La sainte famille de Bethléem…
Tu sens l’Orient, Bethléem : tes murs exhalent les arômes mystérieux de ton lointain passé. Tes couleurs sont tendres comme celles de nos berceaux ; un voile pudique recouvre tes maisons, tes champs, tes enfants et filtre les scories de ton histoire. De toi ne nous parvient, comme d’un défunt parent, que les souvenirs bénis de la douceur d’hier et des musiques enchanteresses, à ce point angéliques qu’elles bercent encore nos jours, apaisent encore nos songes...
Bethléem : « la maison du pain » ! Ton nom évoque l’abondance, la satiété. Ta vocation est celle d’être nourrice ! «La maison du pain» : un beau thème pour ce lieu d’idylles et de promesses !
Mais quelle amertume, lorsqu’en foulant tes rues, nos pieds brisent ces rêves ; ta blanche farine regorge de grumeaux, déposés par cette foule de faux amants, séduits par ta beauté, qui n’ont cherché à conquérir ton cœur que pour mieux t’acquérir et disposer du sang de tes innocents.

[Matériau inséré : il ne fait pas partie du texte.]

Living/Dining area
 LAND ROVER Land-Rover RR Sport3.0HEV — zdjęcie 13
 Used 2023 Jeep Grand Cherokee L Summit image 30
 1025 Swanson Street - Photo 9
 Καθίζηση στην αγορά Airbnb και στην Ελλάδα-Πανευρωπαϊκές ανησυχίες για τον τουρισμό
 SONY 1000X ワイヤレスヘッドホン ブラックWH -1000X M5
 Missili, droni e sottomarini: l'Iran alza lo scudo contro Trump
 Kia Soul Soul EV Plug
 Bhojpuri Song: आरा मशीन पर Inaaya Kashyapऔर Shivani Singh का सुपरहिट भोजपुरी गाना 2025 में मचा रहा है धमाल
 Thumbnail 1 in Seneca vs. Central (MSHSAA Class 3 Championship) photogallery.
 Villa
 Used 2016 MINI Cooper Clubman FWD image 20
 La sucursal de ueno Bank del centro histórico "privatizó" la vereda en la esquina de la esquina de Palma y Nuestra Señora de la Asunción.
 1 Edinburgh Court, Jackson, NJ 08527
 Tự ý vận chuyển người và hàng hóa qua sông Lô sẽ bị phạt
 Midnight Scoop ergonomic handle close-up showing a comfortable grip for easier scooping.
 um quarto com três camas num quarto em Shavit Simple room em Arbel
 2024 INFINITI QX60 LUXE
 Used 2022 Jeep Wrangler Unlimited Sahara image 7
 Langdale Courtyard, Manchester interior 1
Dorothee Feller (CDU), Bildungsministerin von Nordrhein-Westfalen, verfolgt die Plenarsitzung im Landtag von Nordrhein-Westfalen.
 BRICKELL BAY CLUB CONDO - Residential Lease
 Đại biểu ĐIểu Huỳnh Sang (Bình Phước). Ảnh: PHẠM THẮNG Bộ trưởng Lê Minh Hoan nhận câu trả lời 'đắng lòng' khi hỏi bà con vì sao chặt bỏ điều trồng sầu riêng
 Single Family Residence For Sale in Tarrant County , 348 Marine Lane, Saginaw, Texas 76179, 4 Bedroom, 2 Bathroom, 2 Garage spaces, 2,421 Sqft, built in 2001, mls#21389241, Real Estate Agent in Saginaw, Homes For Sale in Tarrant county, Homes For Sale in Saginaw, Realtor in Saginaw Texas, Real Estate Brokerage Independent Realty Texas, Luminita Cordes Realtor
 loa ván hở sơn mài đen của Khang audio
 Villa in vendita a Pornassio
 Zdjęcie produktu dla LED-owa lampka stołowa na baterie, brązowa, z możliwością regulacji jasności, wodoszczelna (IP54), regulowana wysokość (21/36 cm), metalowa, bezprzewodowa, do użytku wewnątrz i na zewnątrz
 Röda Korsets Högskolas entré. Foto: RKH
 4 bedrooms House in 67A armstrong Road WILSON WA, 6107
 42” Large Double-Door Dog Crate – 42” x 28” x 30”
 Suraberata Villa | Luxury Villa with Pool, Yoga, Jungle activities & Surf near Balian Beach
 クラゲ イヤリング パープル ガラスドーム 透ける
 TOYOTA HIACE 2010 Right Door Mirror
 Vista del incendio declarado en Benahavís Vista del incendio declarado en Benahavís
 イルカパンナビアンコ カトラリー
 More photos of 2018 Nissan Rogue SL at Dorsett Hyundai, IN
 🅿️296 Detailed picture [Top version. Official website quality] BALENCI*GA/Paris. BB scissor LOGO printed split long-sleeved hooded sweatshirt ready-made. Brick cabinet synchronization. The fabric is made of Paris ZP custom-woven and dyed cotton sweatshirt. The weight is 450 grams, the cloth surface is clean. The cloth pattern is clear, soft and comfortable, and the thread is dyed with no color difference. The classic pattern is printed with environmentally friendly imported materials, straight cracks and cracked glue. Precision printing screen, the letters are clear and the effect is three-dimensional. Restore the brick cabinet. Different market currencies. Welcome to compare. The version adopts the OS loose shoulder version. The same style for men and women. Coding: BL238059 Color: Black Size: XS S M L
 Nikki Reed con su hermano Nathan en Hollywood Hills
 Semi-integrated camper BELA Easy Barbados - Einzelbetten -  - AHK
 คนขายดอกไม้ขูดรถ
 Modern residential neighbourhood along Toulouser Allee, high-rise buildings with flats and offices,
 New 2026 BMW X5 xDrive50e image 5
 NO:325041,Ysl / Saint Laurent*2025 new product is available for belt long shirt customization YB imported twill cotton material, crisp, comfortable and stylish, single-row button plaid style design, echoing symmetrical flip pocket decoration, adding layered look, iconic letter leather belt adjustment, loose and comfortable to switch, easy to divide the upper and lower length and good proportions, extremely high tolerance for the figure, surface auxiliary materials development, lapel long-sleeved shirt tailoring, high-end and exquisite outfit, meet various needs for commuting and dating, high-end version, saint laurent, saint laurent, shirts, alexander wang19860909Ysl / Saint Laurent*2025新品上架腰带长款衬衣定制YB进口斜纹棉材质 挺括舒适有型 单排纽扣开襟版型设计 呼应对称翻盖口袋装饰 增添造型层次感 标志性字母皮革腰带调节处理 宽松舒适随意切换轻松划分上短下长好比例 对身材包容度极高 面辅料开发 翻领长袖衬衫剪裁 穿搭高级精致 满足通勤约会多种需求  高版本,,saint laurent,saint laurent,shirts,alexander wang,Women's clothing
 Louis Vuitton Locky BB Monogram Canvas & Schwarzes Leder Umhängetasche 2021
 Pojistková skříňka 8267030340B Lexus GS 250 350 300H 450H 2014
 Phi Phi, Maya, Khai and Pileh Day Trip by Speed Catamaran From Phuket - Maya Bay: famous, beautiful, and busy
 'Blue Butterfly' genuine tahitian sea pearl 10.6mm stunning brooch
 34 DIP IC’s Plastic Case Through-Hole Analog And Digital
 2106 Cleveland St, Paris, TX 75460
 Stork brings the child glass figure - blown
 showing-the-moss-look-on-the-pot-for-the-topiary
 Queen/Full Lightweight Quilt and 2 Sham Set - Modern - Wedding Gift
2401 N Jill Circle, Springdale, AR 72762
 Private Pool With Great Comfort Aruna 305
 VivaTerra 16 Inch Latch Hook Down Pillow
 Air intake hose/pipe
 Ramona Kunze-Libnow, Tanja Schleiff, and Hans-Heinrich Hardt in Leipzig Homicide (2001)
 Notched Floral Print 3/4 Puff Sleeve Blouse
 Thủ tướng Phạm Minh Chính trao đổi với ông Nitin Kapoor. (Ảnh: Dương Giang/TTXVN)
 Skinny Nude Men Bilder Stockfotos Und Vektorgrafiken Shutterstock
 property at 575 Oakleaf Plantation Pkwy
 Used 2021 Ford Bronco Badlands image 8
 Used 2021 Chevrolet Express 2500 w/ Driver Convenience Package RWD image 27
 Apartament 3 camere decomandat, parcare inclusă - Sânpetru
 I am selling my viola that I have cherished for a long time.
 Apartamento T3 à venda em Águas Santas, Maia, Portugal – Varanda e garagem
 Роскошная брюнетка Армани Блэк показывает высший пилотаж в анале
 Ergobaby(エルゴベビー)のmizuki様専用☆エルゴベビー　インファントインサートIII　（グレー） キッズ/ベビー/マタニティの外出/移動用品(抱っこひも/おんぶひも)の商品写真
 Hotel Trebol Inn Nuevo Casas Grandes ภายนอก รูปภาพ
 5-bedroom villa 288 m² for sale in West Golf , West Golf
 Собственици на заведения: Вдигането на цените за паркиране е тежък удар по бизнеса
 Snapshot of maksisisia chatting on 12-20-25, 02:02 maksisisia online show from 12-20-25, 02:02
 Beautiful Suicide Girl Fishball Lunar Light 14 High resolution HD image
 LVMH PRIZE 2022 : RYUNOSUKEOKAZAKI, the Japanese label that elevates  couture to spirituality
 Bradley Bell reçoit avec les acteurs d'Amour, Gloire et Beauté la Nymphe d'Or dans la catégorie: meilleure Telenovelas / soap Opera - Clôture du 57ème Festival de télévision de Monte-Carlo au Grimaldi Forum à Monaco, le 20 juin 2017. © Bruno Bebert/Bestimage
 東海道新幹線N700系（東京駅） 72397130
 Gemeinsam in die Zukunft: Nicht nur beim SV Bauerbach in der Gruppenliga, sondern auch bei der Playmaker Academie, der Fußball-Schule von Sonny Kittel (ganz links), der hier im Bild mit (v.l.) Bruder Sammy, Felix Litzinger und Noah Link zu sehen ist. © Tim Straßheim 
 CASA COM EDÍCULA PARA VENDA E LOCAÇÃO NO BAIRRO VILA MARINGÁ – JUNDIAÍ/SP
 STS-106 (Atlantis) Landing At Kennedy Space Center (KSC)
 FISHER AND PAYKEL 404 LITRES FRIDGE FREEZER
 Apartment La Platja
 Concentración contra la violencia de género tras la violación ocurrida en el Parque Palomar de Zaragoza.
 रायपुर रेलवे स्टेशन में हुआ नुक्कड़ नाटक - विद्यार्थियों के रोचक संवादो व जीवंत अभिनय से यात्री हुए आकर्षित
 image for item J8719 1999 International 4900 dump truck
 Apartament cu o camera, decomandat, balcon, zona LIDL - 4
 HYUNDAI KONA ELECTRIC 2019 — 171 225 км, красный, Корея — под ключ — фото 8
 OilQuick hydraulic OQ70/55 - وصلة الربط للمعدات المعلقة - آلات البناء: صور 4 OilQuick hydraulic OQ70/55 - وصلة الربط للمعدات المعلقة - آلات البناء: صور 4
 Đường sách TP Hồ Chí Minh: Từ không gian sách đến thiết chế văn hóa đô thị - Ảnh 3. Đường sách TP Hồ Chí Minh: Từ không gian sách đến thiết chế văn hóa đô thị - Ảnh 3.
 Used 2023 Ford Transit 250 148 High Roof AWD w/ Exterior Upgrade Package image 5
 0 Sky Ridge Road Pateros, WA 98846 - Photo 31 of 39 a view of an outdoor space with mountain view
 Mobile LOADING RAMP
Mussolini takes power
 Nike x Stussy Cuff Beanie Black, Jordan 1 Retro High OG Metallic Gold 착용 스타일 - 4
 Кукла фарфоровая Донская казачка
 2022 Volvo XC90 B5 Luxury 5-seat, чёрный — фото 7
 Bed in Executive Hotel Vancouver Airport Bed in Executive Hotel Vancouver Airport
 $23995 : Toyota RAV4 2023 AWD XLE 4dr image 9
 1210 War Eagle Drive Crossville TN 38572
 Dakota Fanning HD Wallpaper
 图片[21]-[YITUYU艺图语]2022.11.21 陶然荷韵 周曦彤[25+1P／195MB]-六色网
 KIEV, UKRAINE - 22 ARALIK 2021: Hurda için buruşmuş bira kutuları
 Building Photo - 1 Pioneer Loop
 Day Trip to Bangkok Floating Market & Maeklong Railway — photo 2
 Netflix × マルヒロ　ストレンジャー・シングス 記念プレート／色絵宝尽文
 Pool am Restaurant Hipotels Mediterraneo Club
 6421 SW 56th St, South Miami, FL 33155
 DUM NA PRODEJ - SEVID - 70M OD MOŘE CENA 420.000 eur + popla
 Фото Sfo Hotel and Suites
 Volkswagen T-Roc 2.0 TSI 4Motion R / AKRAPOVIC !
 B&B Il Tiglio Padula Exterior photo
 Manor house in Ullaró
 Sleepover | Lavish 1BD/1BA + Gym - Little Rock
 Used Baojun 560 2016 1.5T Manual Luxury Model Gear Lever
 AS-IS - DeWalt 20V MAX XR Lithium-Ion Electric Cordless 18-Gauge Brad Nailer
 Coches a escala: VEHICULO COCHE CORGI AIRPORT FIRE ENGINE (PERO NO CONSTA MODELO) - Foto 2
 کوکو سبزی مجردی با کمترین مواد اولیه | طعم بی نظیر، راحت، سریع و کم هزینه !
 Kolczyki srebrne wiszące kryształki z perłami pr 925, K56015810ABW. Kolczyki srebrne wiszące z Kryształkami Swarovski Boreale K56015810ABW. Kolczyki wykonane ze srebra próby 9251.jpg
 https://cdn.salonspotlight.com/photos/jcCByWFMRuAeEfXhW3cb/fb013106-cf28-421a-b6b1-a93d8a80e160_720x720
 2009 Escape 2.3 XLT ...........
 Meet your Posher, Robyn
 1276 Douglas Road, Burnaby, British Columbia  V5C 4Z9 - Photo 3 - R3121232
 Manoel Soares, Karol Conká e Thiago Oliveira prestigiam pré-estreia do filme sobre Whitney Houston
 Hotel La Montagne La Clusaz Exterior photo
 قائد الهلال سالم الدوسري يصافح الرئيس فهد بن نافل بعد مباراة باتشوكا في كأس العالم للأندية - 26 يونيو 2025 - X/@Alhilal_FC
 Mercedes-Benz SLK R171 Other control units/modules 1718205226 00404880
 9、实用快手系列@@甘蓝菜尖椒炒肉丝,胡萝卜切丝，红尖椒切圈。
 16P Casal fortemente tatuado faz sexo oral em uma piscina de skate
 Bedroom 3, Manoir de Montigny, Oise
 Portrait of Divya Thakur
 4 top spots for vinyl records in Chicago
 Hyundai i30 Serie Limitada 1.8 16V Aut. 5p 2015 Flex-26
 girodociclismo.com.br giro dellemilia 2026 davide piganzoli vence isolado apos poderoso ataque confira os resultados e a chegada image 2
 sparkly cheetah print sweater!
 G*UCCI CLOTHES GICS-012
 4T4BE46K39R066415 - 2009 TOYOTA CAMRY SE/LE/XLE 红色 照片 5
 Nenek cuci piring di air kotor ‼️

Bethléem souillée, salie, barricadée… voici plus de deux mille ans qu’on se joue de ton destin, qu’on te démunit de ton pain… On t’honore comme ville de l’unique Nativité, on vante ton taux de natalité, mais les femmes continuent à enfanter à l’étable, dans l’inconfort et l’insécurité, entre deux temps d’exil, envisageant l’avenir comme des bêtes traquées.